* [TRY IT] Each line from the one containing "샤넬 보이백 미디움 캐비어 블랙 빈티지 골드" through the last line of the records is to be repeated exactly, with all pictures left out.

* [SOURCE DATA]
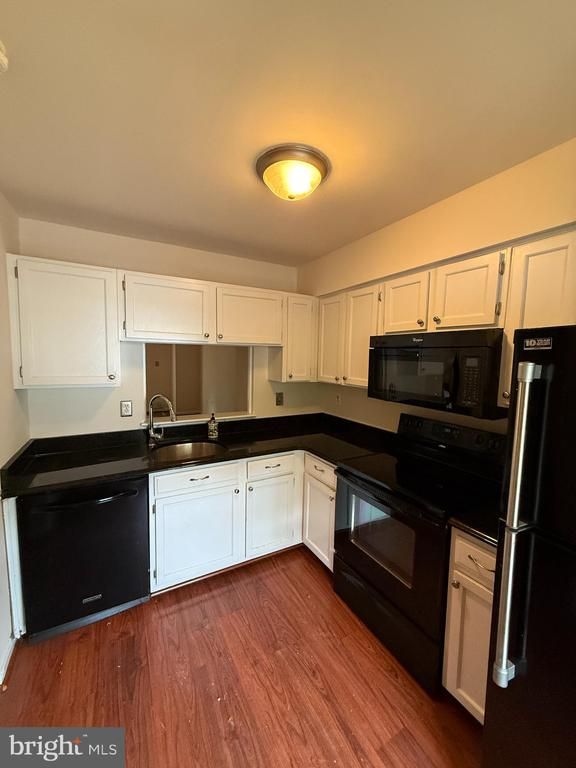 15066 Maple Glen Ct, Dumfries, VA 22025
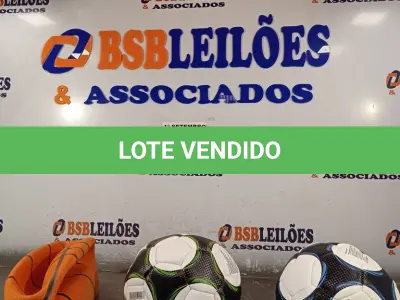 LOTE 373 - 01 BOLA DE BASQUETE E 02 BOLAS DE FUTEBOL. (NO ESTADO) ATENÇÃO! FAZER A VISITAÇÃO ANTES DE ARREMATAR, NÃO SABEMOS SE FUNCIONA. LEILÃO NÃO TEM GARANTIA E NEM DEVOLUÇÃO, SUJEITO A POSSÍVEIS AVARIAS VISÍVEIS/OCULTAS E/OU AUSÊNCIA DE COMPONENTES.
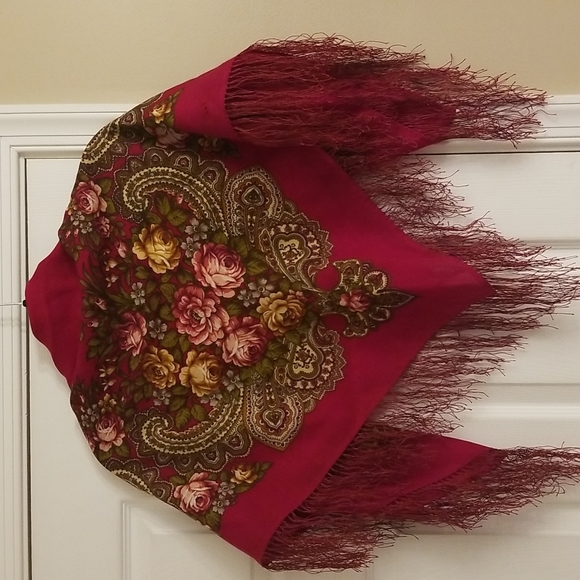 Accessories - Gorgeous scarf/wrap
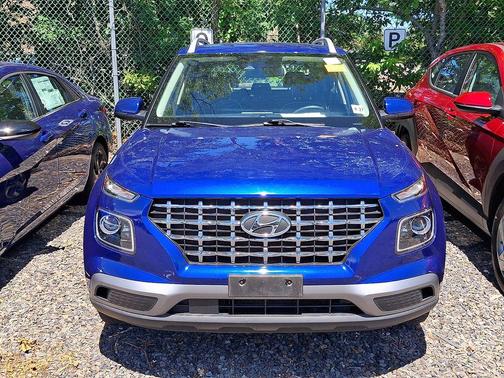 Intense Blue 2022 Hyundai VENUE Limited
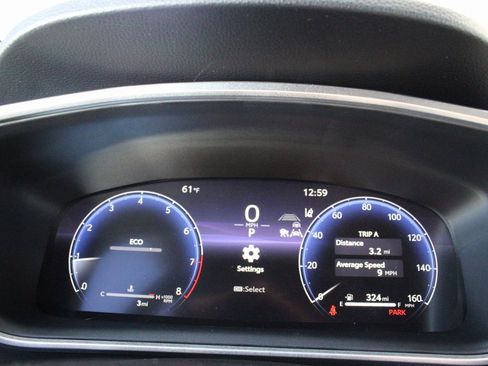 New 2026 Toyota Corolla Cross XLE image 31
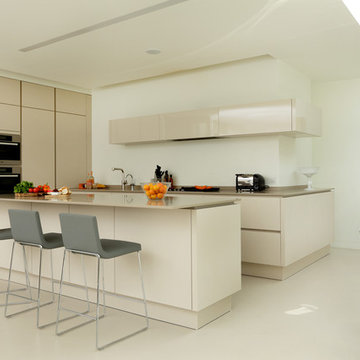 Bellamy - a sleek and contemporary open plan kitchen and dining space
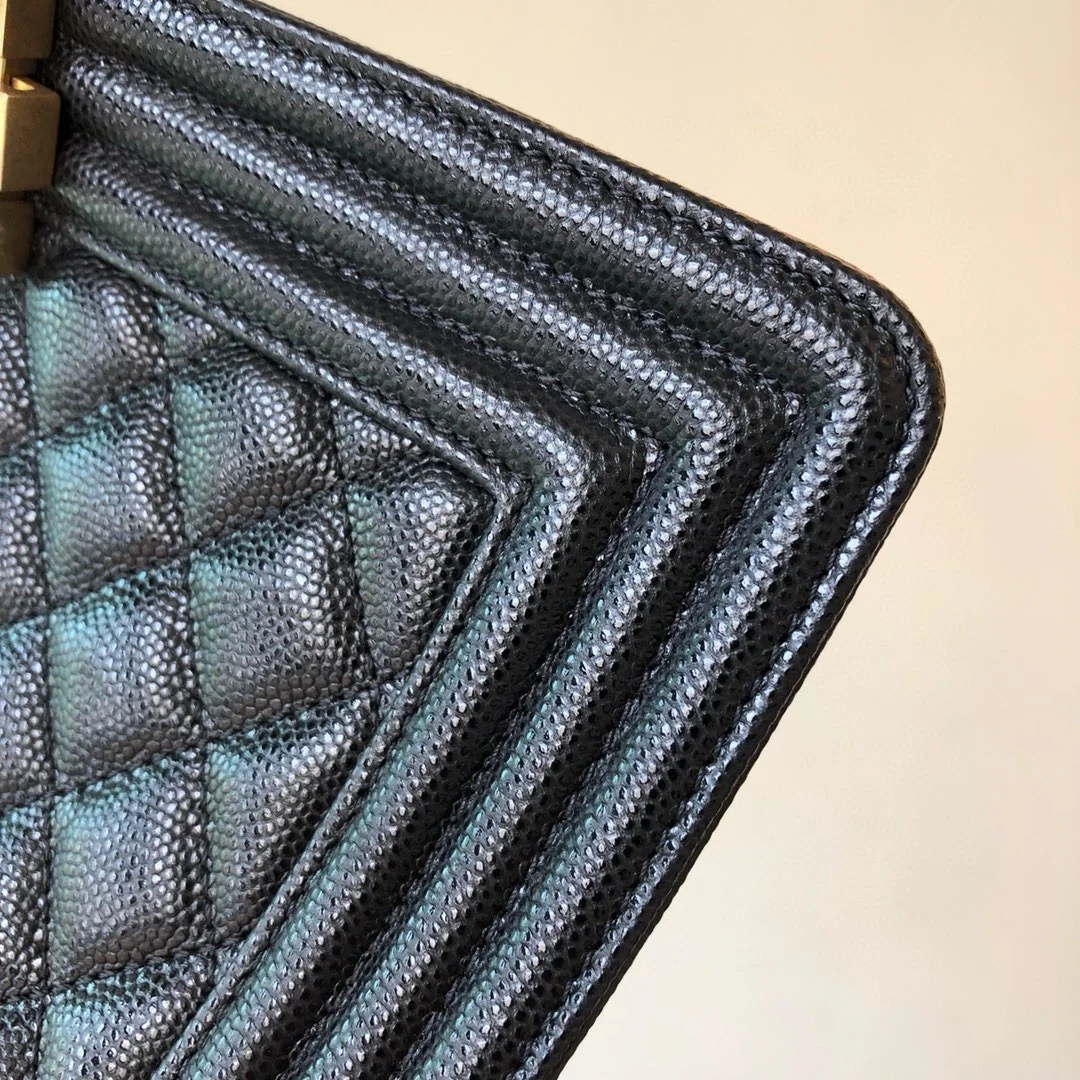 샤넬 보이백 미디움 캐비어 블랙 빈티지 골드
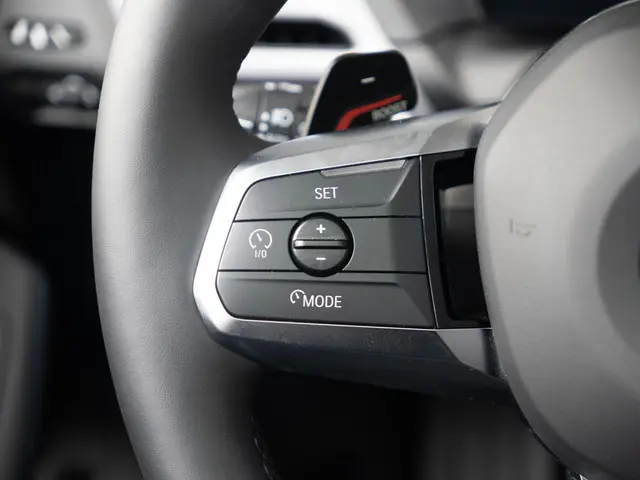 BMW 1 Serie 120 2025 Benzine 42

* [EXERCISE SOLUTION]
 샤넬 보이백 미디움 캐비어 블랙 빈티지 골드
 BMW 1 Serie 120 2025 Benzine 42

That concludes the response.